## About this task:
Repeat the listing below exactly from the line with "Blavec Car holder" through its last line. Skip every picture.

## Collected material:
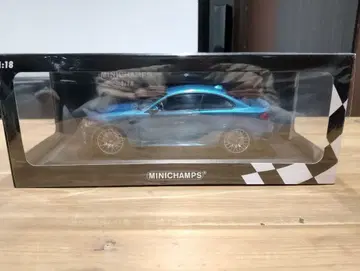 1/18 BMW M2 컴페티션 미니카 롱 비치 블루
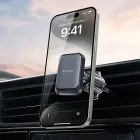 Blavec Car holder BH-01 magnetic to air vent (BH01-MAVB) black Foto 5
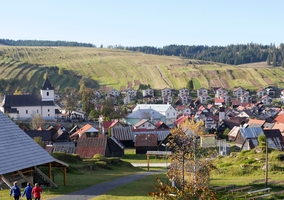 Niedźwiedzie w Tatrach wyszły na ulicę. Wydano ostrzeżenie dla turystów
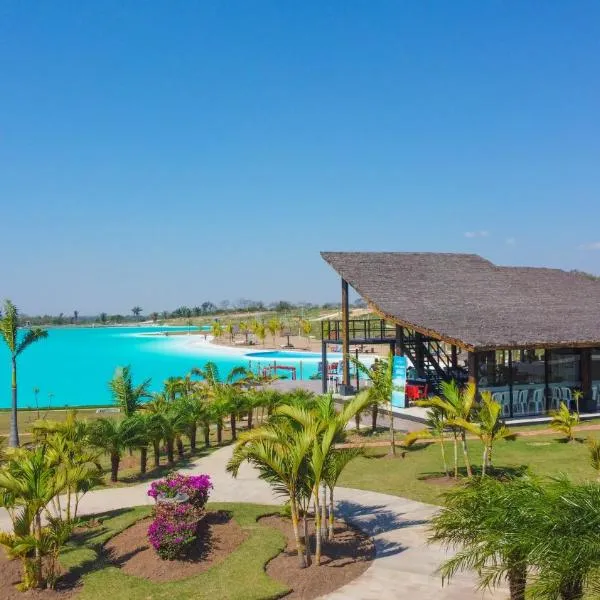 Sun Cottage - Mar Adentro, Hotel in Santa Cruz de la Sierra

## Expected answer:
 Blavec Car holder BH-01 magnetic to air vent (BH01-MAVB) black Foto 5
 Niedźwiedzie w Tatrach wyszły na ulicę. Wydano ostrzeżenie dla turystów
 Sun Cottage - Mar Adentro, Hotel in Santa Cruz de la Sierra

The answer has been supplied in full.